- [Problem description] Return only the lines of the listing below that run from the line with "Natural Code XL12" through the line with "thumbnail image 1", both ends included, exactly as written.

- [Task material]
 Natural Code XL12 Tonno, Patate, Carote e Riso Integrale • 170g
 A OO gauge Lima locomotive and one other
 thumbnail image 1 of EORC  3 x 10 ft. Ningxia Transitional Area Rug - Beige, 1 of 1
---
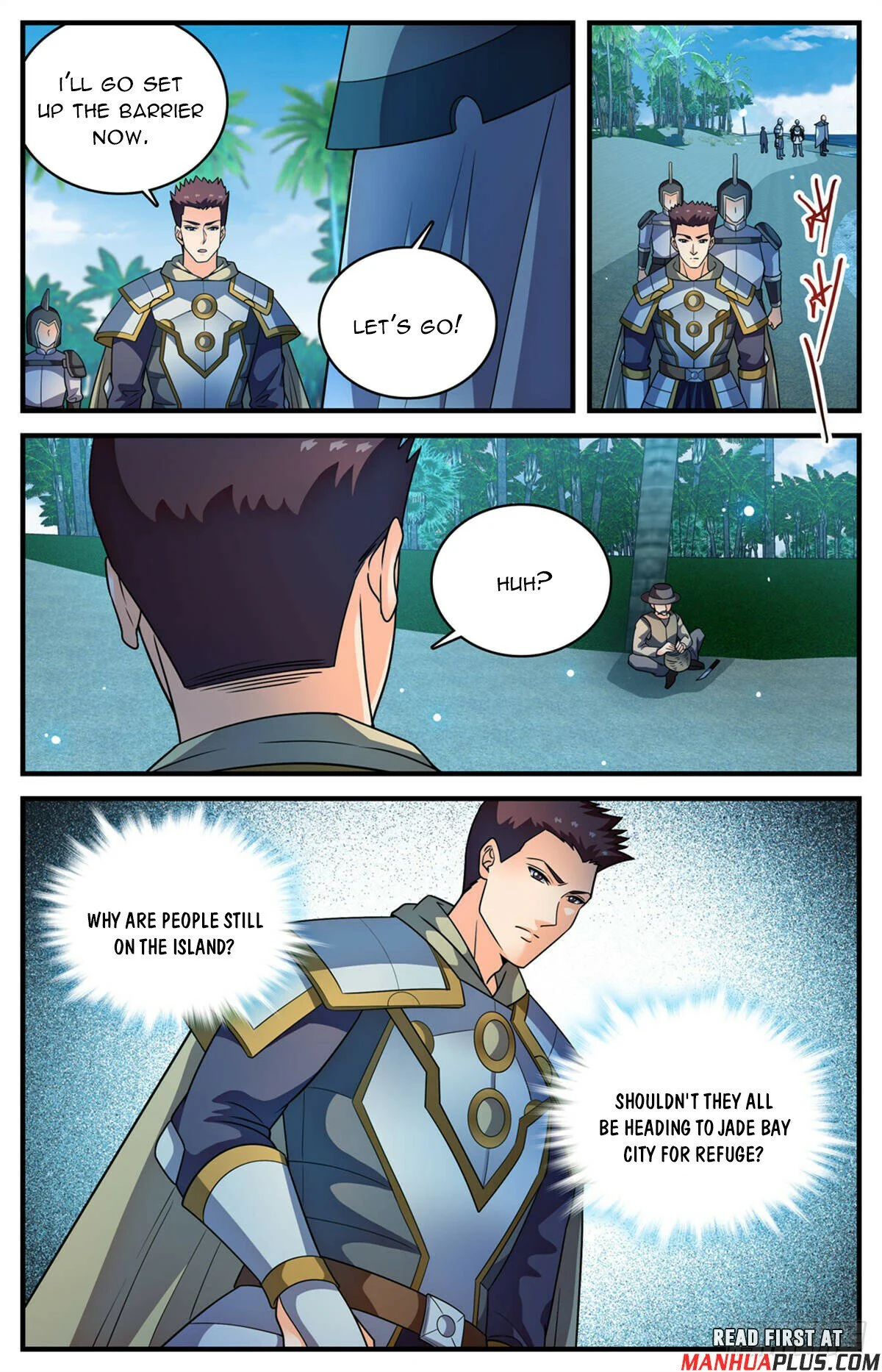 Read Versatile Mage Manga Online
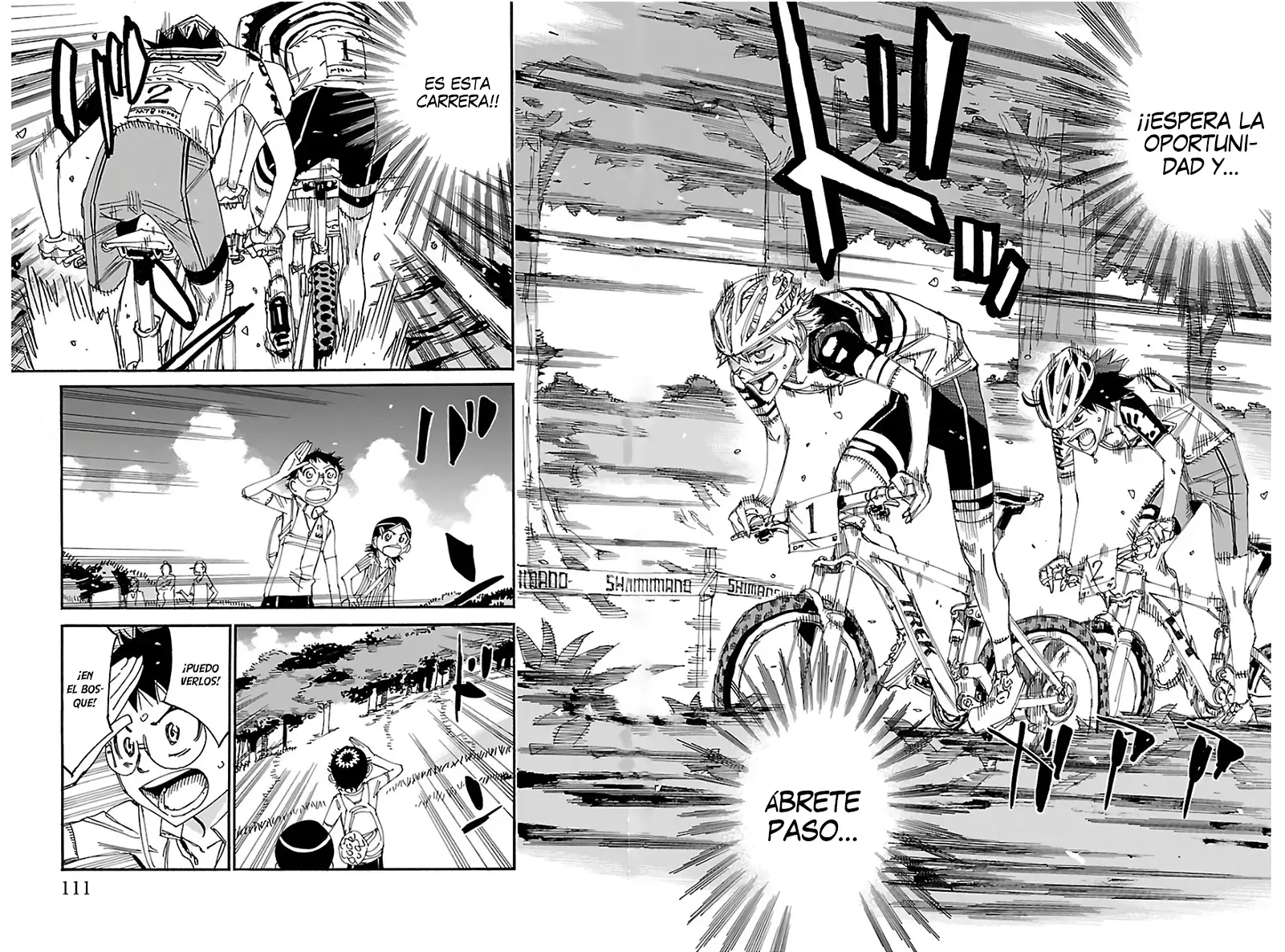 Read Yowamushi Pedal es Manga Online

- [Written answer]
 Natural Code XL12 Tonno, Patate, Carote e Riso Integrale • 170g
 A OO gauge Lima locomotive and one other
 thumbnail image 1 of EORC  3 x 10 ft. Ningxia Transitional Area Rug - Beige, 1 of 1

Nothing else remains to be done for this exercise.